An Exclusive The Weekly Anthropocene Interview, now republished
A very good post featuring one of the substack authors I follow, who (I didn't know) shares a liking for Lois McMaster Bujold stories. He seems to share my view that the principle action should be building a sufficient abundance of clean energy, that relying on concerned people to change their lifestyles just won't do it. (We wouldn't tell people invaders rolling down their streets aren't real because they are calling for nationwide, professionally led responses rather than engaging in ineffective personal sacrifices.)
When all our primary energy is zero emissions then everything we do with it will have very low emissions - even extravagant wastefulness by people who don't care.
re Hydrogen, water vapor and greenhouse implications - seems clear that humans adding water vapor isn't causing global warming or else burning fossil fuels would have to be counted as a major source, from water content in coal, water as a combustion product of gas and oil (a regular car makes as much water vapor as an equivalent Hydrogen one), from power plant cooling towers and ponds and from the use of irrigation.

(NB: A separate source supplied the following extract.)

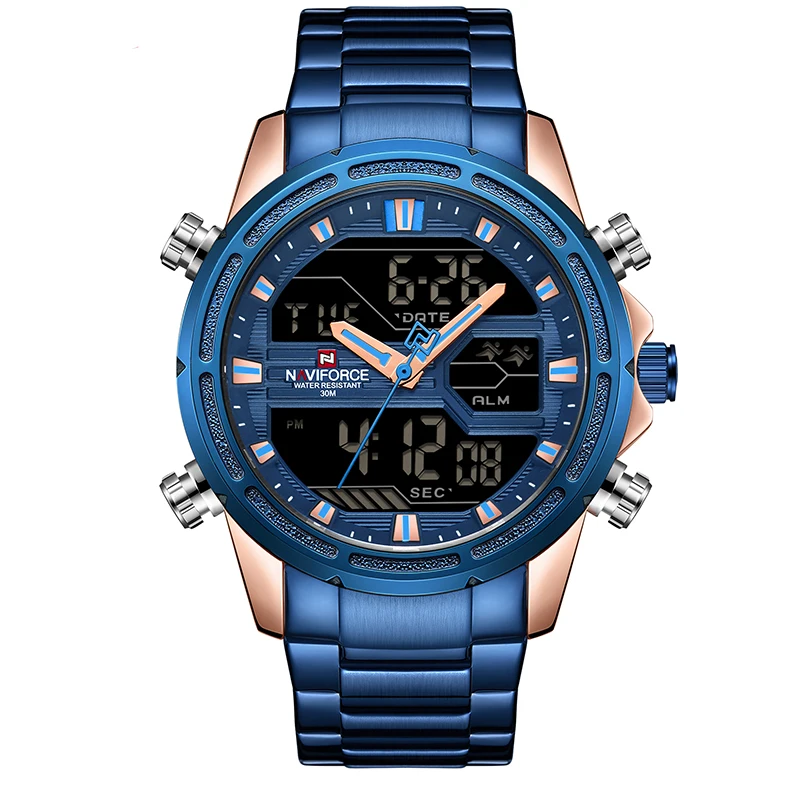NAVIFORCE 9138 Original Brand Military Heavy Dial Sports Men Quartz Digital Clock Luxury Stainless Steel Waterproof Led Watch
NAVIFORCE 9138 Original Brand Military Heavy Dial Sports Men Quartz Digital Clock Luxury Stainless Steel Waterproof Led Watch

But leaked Hydrogen significantly affects the breakdown of atmospheric methane, making it persist longer, so there is some global warming from Hydrogen use. Boiling off some to keep storage temperatures down for transport therefore doesn't sound wise.
I do think Hydrogen best suits on-site industrial uses rather than as a transportable and/or transport fuel. On-site production and lower pressure storage seems to sidestep the difficulties that extreme pressure storage for transport impose. Not convinced it will work as a long term energy storage option for power plants - which may start as converted gas burners but, longer term, will work better with fuel cells - but would be pleased to be wrong. More district heating schemes, using borehole geothermal, seems a very efficient seasonal energy store and reduces a significant source of demand in cold Winter situations. My understanding is large buildings using borehole geothermal actually end up overheating the ground mass across multiple years if cooling isn't included.
Australian, not American here, but I don't know that treating China as some kind of implacable enemy with which compromise isn't possible is the best approach and may be inclined to become a self fulfilling prophecy. Actual warfare seems to be a negative sum game for everyone, bystanders too. One thing to take military action against 3rd world nations for whom the USA is beyond reach but China? I am not really well informed enough to have insights or answers. But has anyone? I don't think China's growing economic and military power is something that outsiders can prevent - it isn't like it lacks economic demand of it's own to sustain it and it's contributions to science and R&D are becoming impressive. Preventing and suppressing that doesn't look like a step forward when global cooperation is so clearly essential.
The end of Doubt, Deny, Delay politics - which has no redeeming features - seems essential to achieving the most we are capable of. As long as it persists as a populist alternative to facing up to difficult reality head on we will struggle.